ABOUT THIS EXERCISE =>
The lines to reproduce from the material below are those from the one containing "Number twelve says" through the one containing "iron, manganese, molybdenum, and", both included; write them out exactly and add nothing.

───── RECORDS TO USE

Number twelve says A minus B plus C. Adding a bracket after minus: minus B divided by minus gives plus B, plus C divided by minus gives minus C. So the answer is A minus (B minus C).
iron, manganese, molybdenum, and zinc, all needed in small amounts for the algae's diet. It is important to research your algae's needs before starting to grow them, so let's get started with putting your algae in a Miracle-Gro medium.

──────────
───── RECORDS TO USE

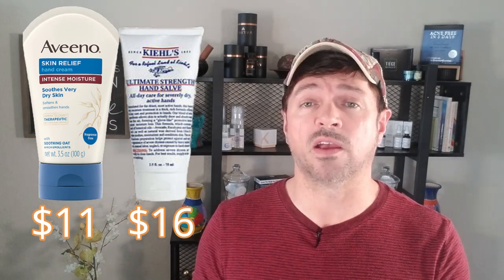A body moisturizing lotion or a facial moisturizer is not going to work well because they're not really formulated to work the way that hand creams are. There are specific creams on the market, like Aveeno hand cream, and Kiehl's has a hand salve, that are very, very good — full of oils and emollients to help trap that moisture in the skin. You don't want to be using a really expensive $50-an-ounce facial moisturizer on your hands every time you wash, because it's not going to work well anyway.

──────────
───── RECORDS TO USE

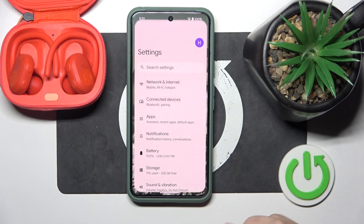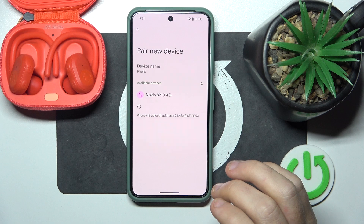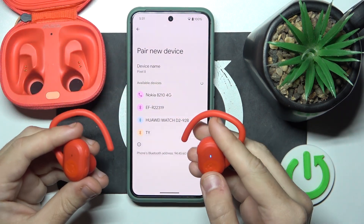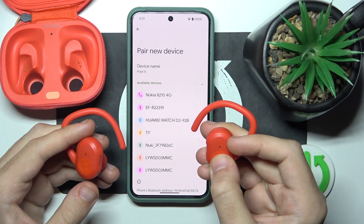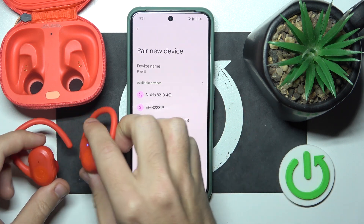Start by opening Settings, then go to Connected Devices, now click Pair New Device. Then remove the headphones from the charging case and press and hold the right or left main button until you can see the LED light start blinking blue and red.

──────────

SOLUTION =>
Number twelve says A minus B plus C. Adding a bracket after minus: minus B divided by minus gives plus B, plus C divided by minus gives minus C. So the answer is A minus (B minus C).
iron, manganese, molybdenum, and zinc, all needed in small amounts for the algae's diet. It is important to research your algae's needs before starting to grow them, so let's get started with putting your algae in a Miracle-Gro medium.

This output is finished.